We asked members of the Thrive community to share the wedding-planning advice they would follow if they could do it all over again. These bits of wisdom can help reduce your own pre-wedding stress — and remind you to focus on what matters most.

Don’t stress if things don’t go exactly as planned

“In hindsight, the best piece of advice that I would’ve followed is that the marriage is for you, the wedding is for everyone else. Planning our destination wedding was an incredibly stressful affair — it led to countless sleepless nights and many arguments. If I were to do it all over again, I would kick back, relax, and remember that it is OK if some things don’t go according to plan because no one else knows exactly how things are supposed to be, since you are the one who planned it!”

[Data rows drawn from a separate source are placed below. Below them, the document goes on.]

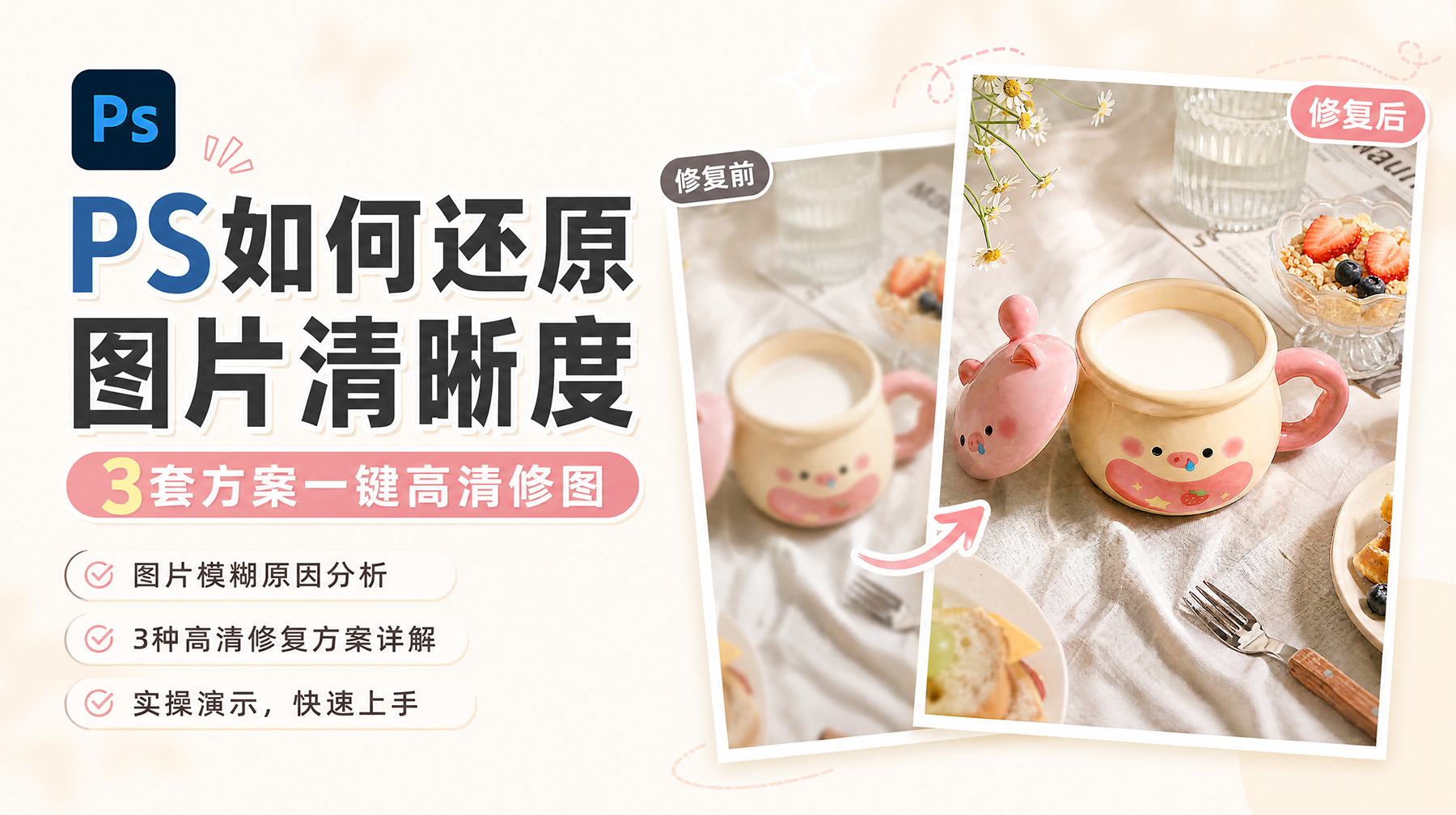 PS如何还原图片清晰度？3套方案一键高清修图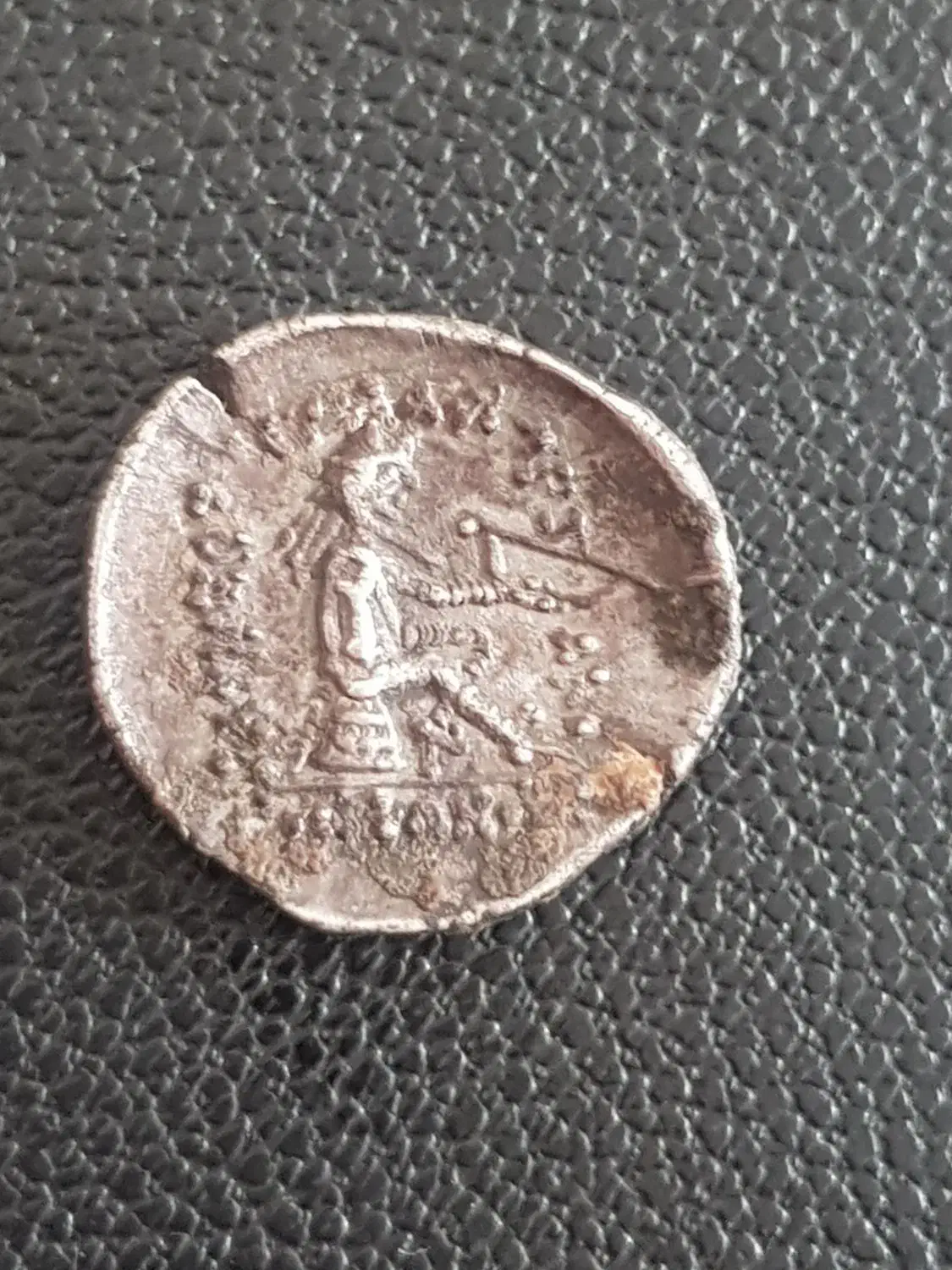 سکه مهرداد دوم|کلکسیون سکه، تمبر، اسکناس|همدان, |دیوار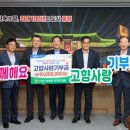 통영축산업협동조합 이미지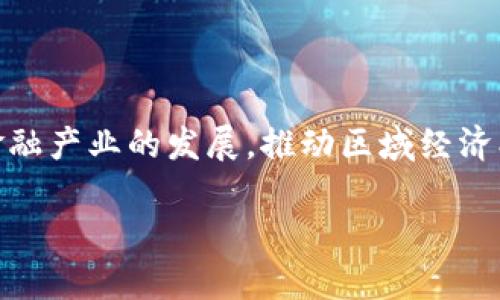 贵州区块链金融协会是一个致力于推动区块链技术和金融相结合的行业协会，旨在促进贵州省区块链金融产业的发展，推动区域经济创新和转型。今天我们将深入探讨这个协会的背景、目标、作用以及其在推动区块链技术普及中的重要性。

贵州区块链金融协会的前景与发展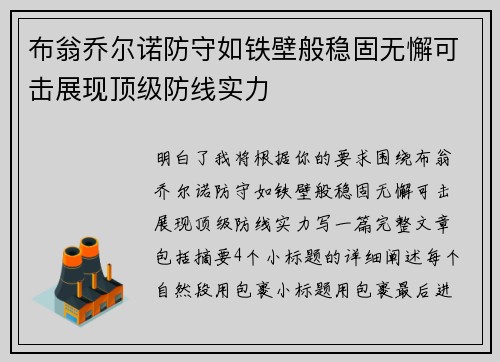 布翁乔尔诺防守如铁壁般稳固无懈可击展现顶级防线实力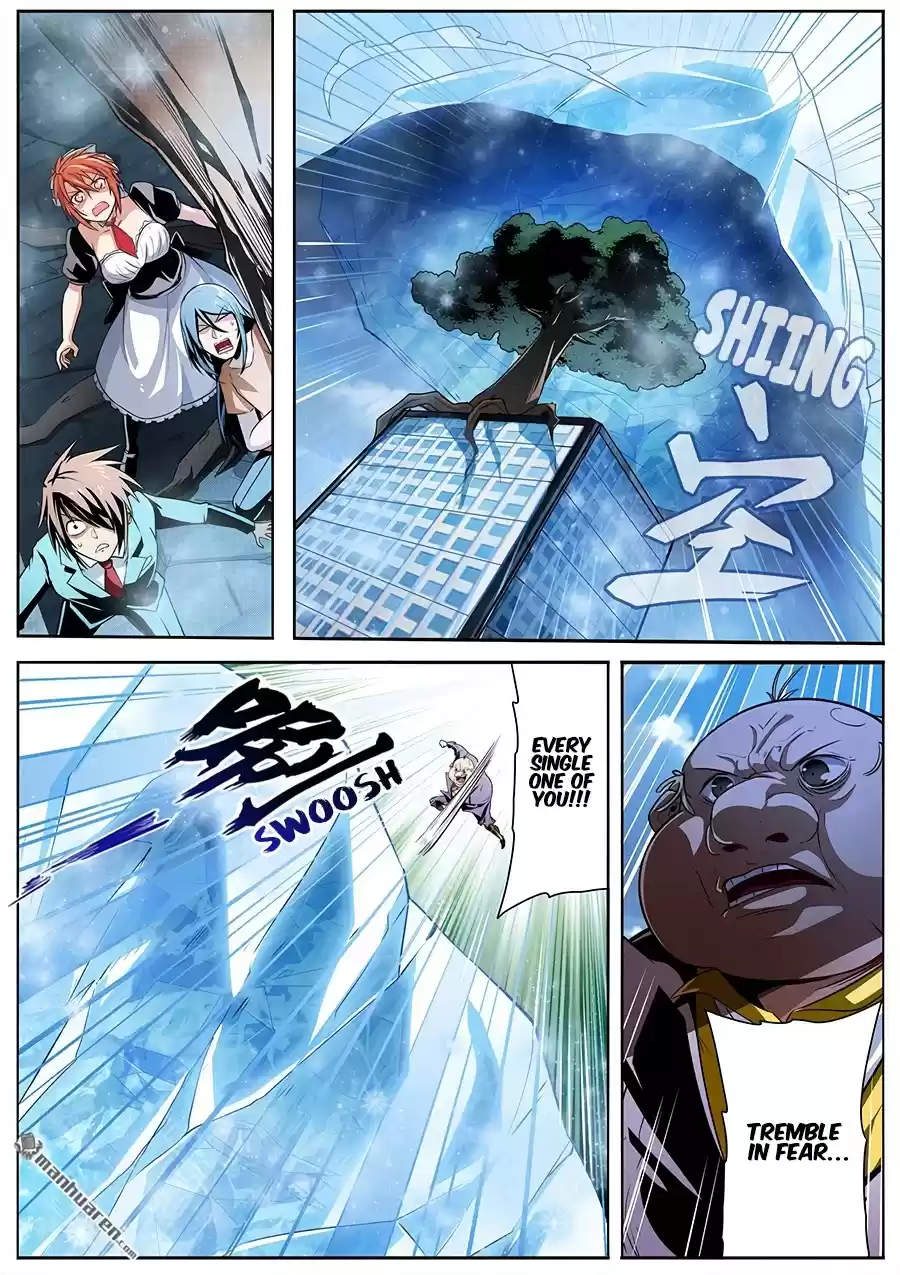 Hero? I Quit A Long Time Ago. Chapter 316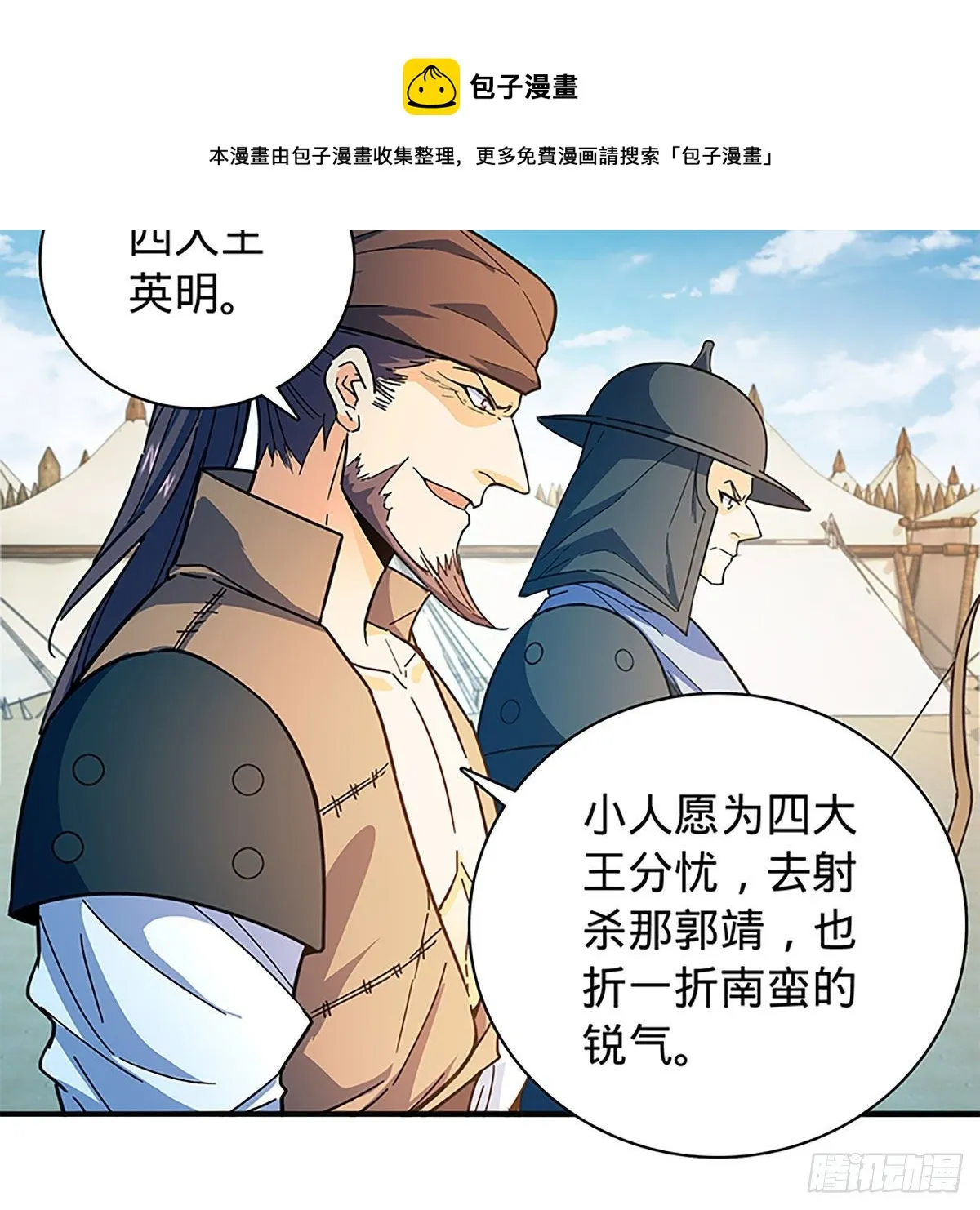 第二百一十话 侠之大者 第53页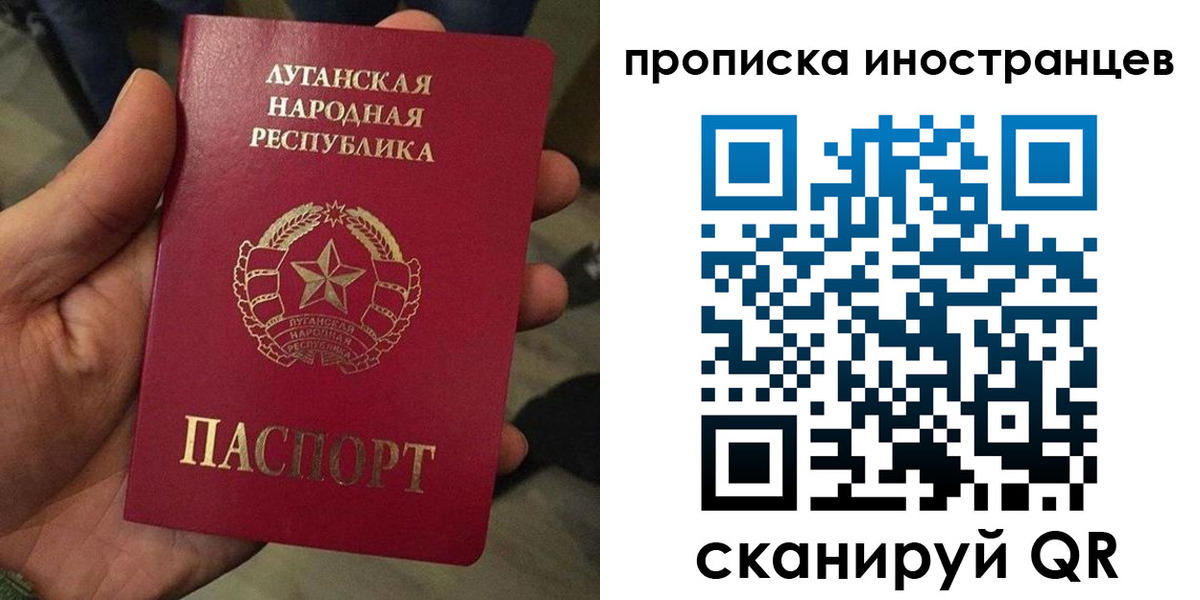 временная регистрация законно в Фролово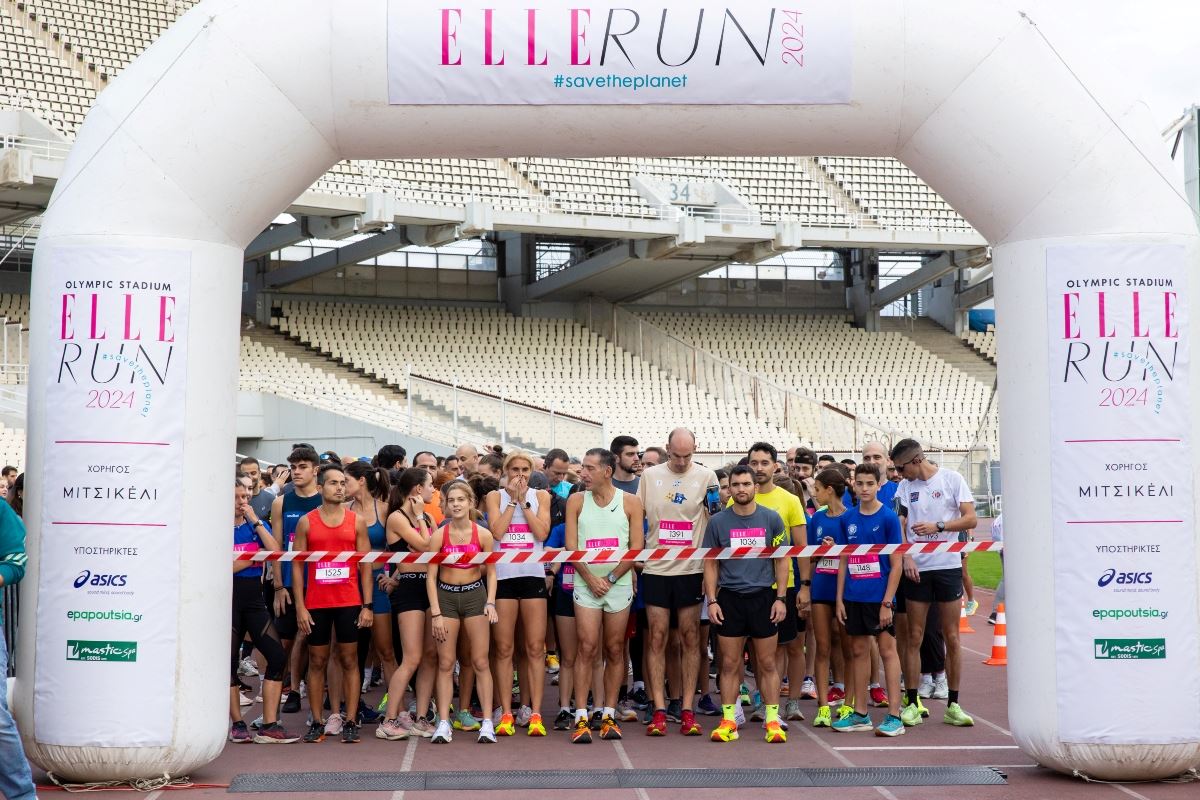 ELLE RUN 2024: Εδώ θα βρεις τις φωτογραφίες και τα αποτελέσματά σου από τον χθεσινό αγώνα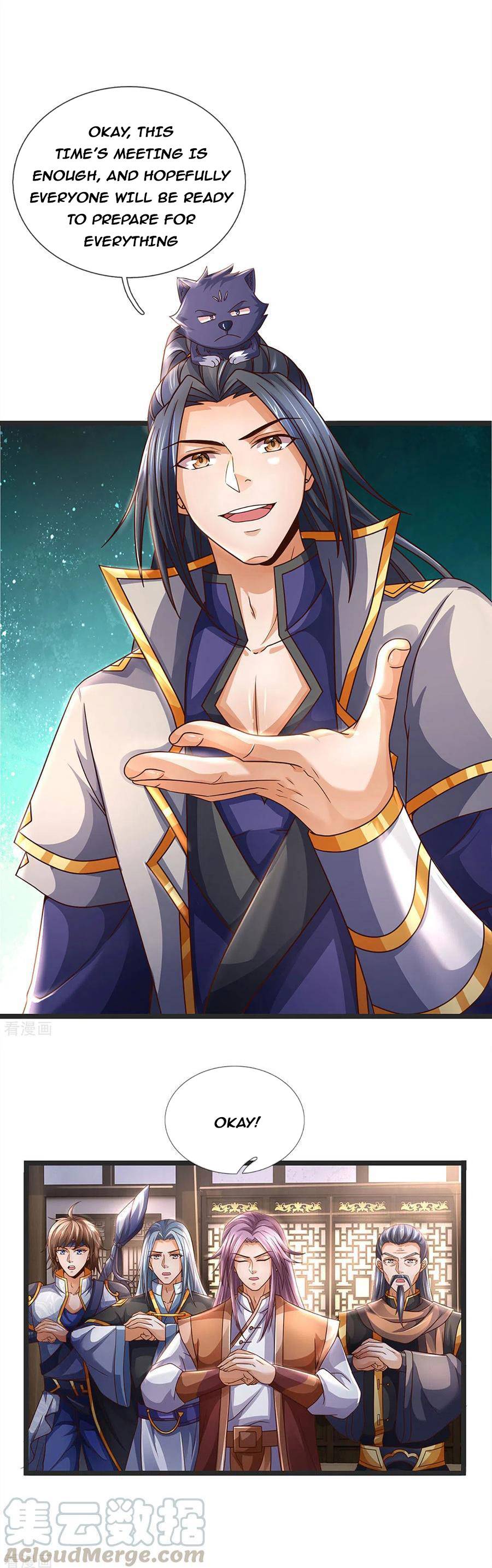 Shenwu Tianzun chapter 300 page 7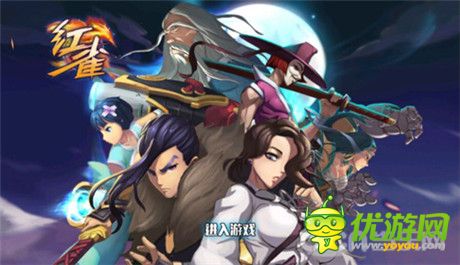 国人原创街机格斗手游《红雀》曝光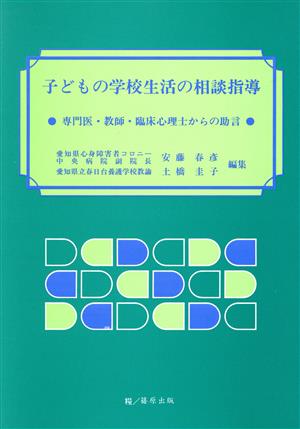 子どもの学校生活の相談指導 専門医・教師・臨床心理士からの助言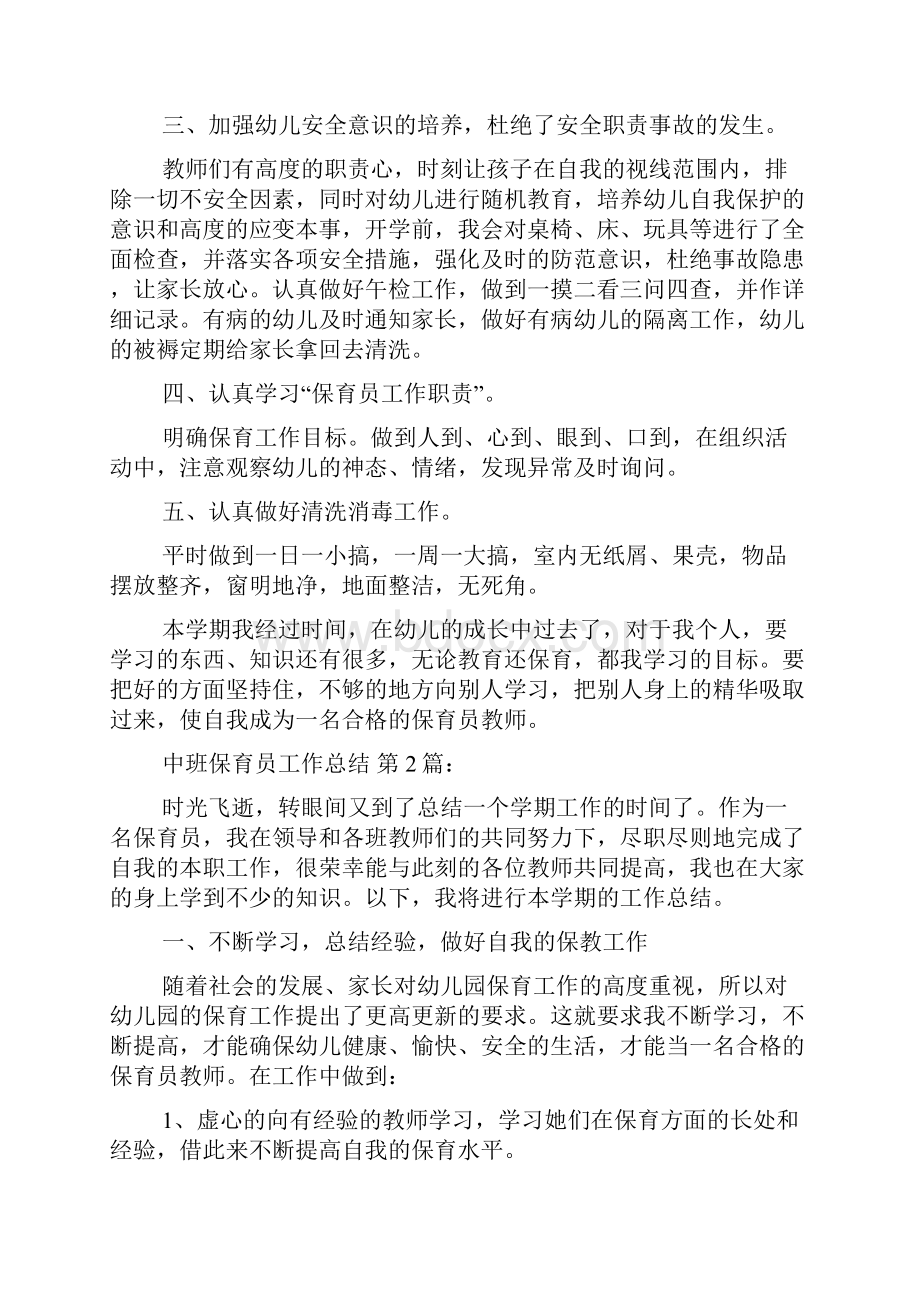 中班保育员工作总结20篇.docx_第2页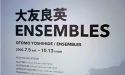 aoki_080708_4.jpg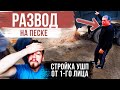 РАЗВОД на песке! СТРОЙКА от ПЕРВОГО лица! УШП поэтапно! Котлован, дренаж, песок, опалубка!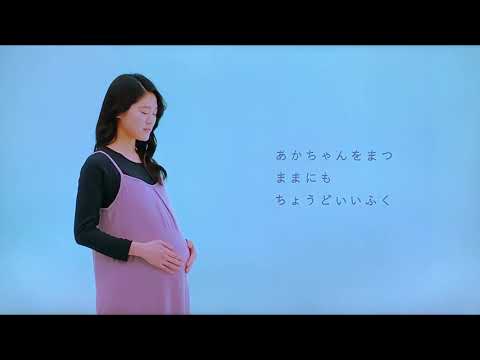 西松屋CM～EL FIN DOLL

—Erandi Palihakkara, digital marketing manager, Savannah, GA  

Be mindful of expenses

“I got married at the most expensive villa in our area. It was such a magical wedding, but we spent our entire budget on it. By 9 p.m., we both wished we had eloped instead and spent several weeks in Europe. It’s worth taking another hard look at whether or not you truly desire a big lavish wedding, or if it’s just to impress others.”

—Kathy Haan, business coach and blogger, Denver, IA

Focus on you and your partner

“The best piece of wedding planning advice I could give is a tip from my mom: Involve as few family members and friends as possible. It’s a special day for you and your partner, not them. My mom was the only person who came dress shopping with me. My husband and I told our families that we were going to elope. We planned the wedding by ourselves, and surprised them with the ceremony. We had so much fun — and so little stress!”

—Keshia Rice, dating coach, Atlanta, GA

Set boundaries with family members

“When I was planning my wedding, I read every article I could find about having a wedding on a shoestring budget. The problem with the advice I read was that it suggested I ask friends and family to help with catering, decorating, and photography. Not every family enjoys the stress and work involved in planning a wedding — it becomes something they do for you, rather than something they celebrate with you. Do an honest check-in with your family to ensure they are enthusiastic about helping with your special day. In hindsight, I would have splurged on catering and a photographer, and scrimped on the dress, flowers, and cake. I would have skipped favors entirely. I would have rather had a relaxed gathering of happy family and friends.” 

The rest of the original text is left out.